**Task statement**
Work through the listing below and state how many of its lines hold the word "Paris". Give no other output.

**Exercise data**
-- -- --
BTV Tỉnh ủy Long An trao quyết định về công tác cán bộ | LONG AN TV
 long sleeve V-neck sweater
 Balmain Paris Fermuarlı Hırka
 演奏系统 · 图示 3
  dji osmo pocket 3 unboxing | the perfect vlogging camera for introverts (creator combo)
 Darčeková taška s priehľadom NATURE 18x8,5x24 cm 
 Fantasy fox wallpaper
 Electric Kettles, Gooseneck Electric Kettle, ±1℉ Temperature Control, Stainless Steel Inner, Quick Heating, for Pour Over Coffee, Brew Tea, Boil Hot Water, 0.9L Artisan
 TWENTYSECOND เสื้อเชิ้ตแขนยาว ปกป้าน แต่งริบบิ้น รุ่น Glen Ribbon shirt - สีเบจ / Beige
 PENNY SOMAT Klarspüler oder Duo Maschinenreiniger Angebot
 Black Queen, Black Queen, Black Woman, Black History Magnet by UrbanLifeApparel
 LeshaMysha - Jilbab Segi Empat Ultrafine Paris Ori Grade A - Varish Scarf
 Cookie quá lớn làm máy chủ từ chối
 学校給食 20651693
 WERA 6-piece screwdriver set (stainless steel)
-- -- --
**Solution to this task**
2